*Assignment*.
Tally the lines below containing "Black" and report only the total.

*Supplied entries*.
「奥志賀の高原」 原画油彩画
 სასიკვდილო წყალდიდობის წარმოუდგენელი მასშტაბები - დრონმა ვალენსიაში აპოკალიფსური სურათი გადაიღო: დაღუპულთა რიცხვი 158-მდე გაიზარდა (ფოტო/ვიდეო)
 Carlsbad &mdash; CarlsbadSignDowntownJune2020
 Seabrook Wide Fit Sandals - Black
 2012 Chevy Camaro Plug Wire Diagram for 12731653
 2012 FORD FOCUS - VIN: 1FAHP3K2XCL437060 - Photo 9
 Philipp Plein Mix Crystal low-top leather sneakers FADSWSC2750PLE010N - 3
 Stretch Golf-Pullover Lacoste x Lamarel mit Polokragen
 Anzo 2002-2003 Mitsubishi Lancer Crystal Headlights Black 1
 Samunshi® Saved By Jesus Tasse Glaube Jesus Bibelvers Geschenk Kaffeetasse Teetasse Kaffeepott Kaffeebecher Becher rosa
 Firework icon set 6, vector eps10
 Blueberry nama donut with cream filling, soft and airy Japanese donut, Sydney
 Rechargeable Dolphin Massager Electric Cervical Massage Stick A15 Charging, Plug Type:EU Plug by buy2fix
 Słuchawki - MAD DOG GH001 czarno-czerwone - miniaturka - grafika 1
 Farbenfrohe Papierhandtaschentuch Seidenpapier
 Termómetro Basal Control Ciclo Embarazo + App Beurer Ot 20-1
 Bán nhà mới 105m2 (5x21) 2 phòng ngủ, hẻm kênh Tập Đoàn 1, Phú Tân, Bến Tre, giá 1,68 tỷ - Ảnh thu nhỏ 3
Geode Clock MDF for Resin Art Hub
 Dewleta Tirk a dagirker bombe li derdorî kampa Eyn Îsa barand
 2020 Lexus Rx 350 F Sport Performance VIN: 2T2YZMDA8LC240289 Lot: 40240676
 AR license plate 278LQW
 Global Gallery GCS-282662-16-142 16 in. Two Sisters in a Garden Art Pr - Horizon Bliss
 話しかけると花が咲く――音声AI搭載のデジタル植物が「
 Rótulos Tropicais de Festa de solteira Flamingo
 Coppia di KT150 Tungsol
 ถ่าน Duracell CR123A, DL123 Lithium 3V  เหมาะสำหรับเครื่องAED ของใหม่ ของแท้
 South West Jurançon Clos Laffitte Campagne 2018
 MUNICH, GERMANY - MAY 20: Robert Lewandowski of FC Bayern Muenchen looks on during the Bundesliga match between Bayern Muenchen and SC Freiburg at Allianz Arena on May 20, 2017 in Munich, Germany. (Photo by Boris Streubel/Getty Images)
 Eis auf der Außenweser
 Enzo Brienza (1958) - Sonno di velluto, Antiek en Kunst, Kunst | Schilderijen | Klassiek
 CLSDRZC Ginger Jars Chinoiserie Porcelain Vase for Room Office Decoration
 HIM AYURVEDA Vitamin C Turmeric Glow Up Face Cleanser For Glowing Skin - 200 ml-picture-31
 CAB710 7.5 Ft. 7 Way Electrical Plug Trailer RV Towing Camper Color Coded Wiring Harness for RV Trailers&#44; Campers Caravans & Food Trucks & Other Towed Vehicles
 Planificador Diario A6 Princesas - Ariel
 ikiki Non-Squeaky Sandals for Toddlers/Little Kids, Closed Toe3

*Response to the task*.
2